Signs of Healthy Parks (SHP) provides a framework for systematic and integrated ecological monitoring of the health of the state’s ecosystems.

The SHP aims to:

  • Provide a framework for park managers to assess the status and trends in the ecological health of parks, the threatening processes affecting priority park values and the effectiveness of management actions
  • Provide early warnings of emerging threats to parks
  • Enable the application of scientific monitoring information to integrate into management and decision making as part of adaptive management
  • Provide a strong evidence base for evaluating and reporting on how objectives are being met at the park, ecosystem scale and parks network scale
  • Foster partnerships and collaborative projects to design, implement and evaluate monitoring programs.
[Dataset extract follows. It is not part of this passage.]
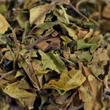 Fehér tea Pai Mu Tan, 50g Fehér tea Pai Mu Tan, 50g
SHP is consistent with Victorian and Australian monitoring frameworks such as the Headline Indicators for the Victorian Government Land and Biodiversity Whitepaper and the Invasive Species Monitoring and Evaluation Framework.

SHP focuses on management objectives. It complements other monitoring programs for fire, threatened species and statewide forest monitoring. The results from monitoring programs inform our State of the Parks reporting.

Monitoring plans developed under SHP identify the key questions that need to be answered regarding the condition of park assets and the effectiveness of management programs. The plans then details the tools and techniques that should be used to answer these questions.

Monitoring protocols for a range of park assets and threats are used to ensure consistent monitoring standards are applied.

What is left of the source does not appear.